- _Recorded information_:

***

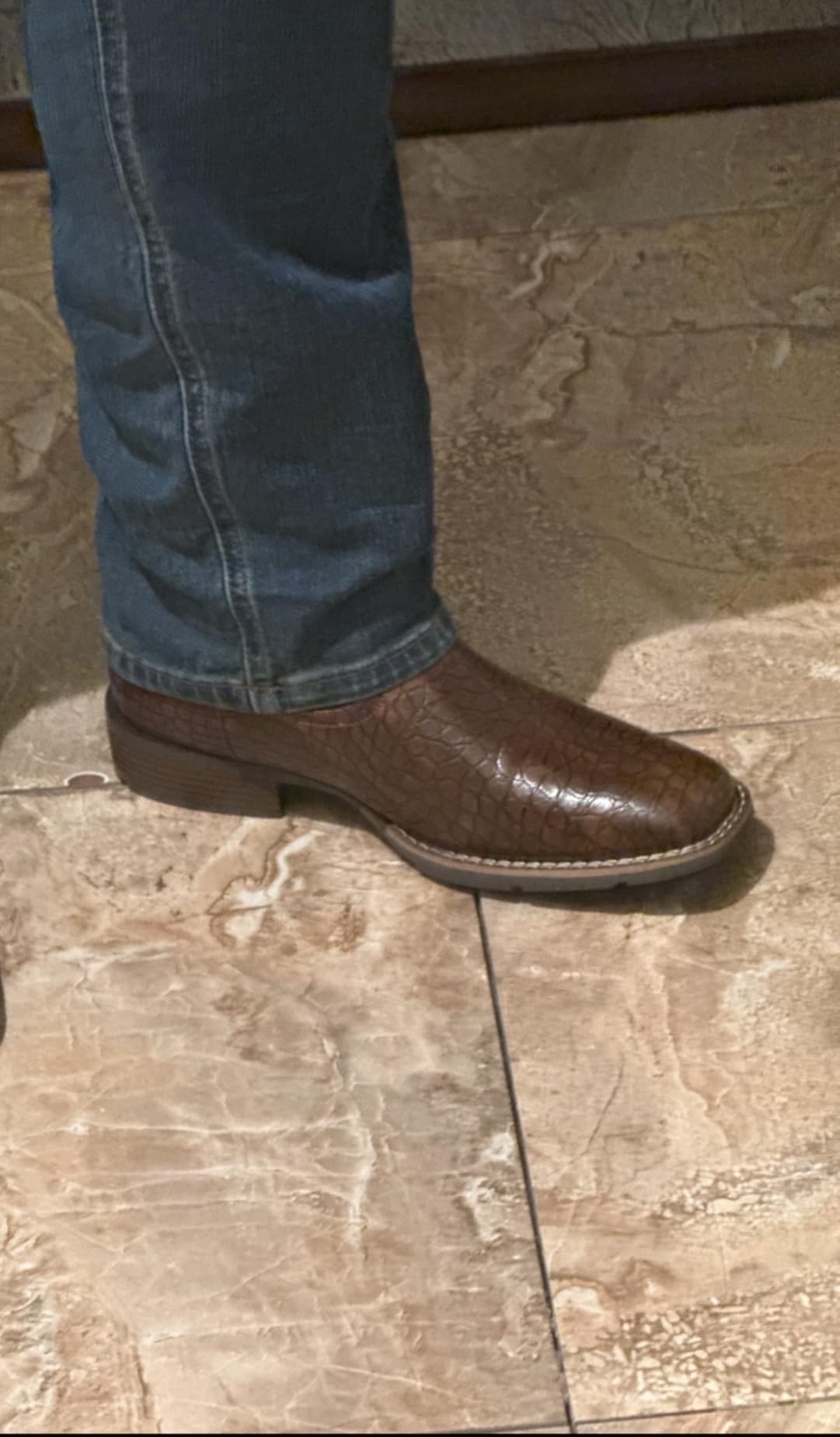 Cowboy Boots for Men - Western Men's Boots with Classic Embroidered, Slip on Square Toe Boots, Slip Resistant Country Boots Chunky Heel Ankle, Durable Short Boots for Spring Fall customer photo 1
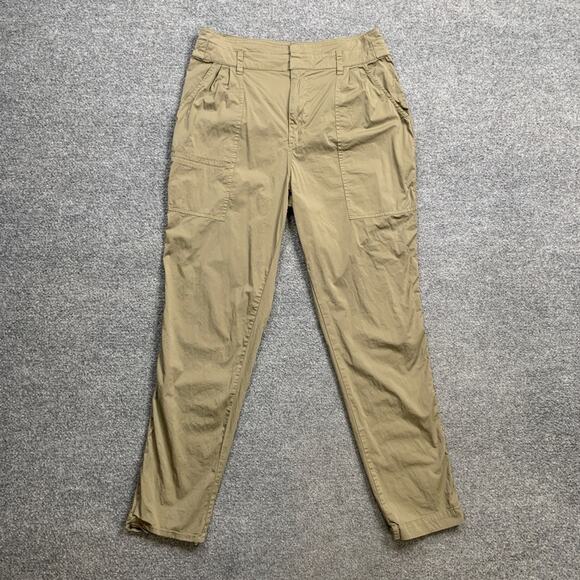 Frame Pants Women 12 Mushroom Cotton Blend Twill Casual Pleated Pockets Tapered - Picture 2 of 13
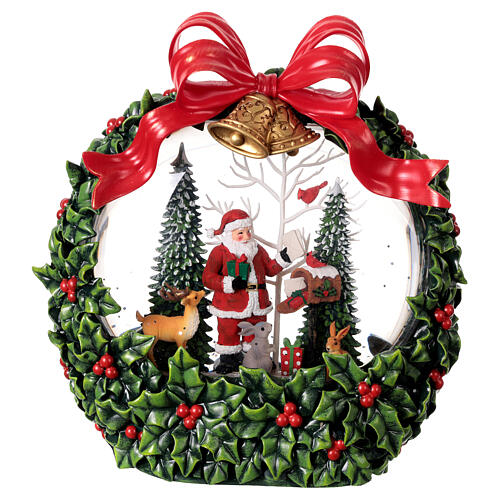 Guirnalda acebo bola de nieve Papá Noel nieve luces y música 20x10x20 cm 5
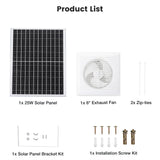 Fanspex Solar Exhaust Fan, Solar Powered Vent Fan Kit for Outside Greenhouse Shed Chicken Coop (8" Fan)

***

- _Exercise instructions_: From the line that contains "Guirnalda acebo bola" to the last line of the data above, inclusive, transcribe every line exactly and only those lines, omitting pictures.

- _Result of this exercise_:
 Guirnalda acebo bola de nieve Papá Noel nieve luces y música 20x10x20 cm 5
 Fanspex Solar Exhaust Fan, Solar Powered Vent Fan Kit for Outside Greenhouse Shed Chicken Coop (8" Fan)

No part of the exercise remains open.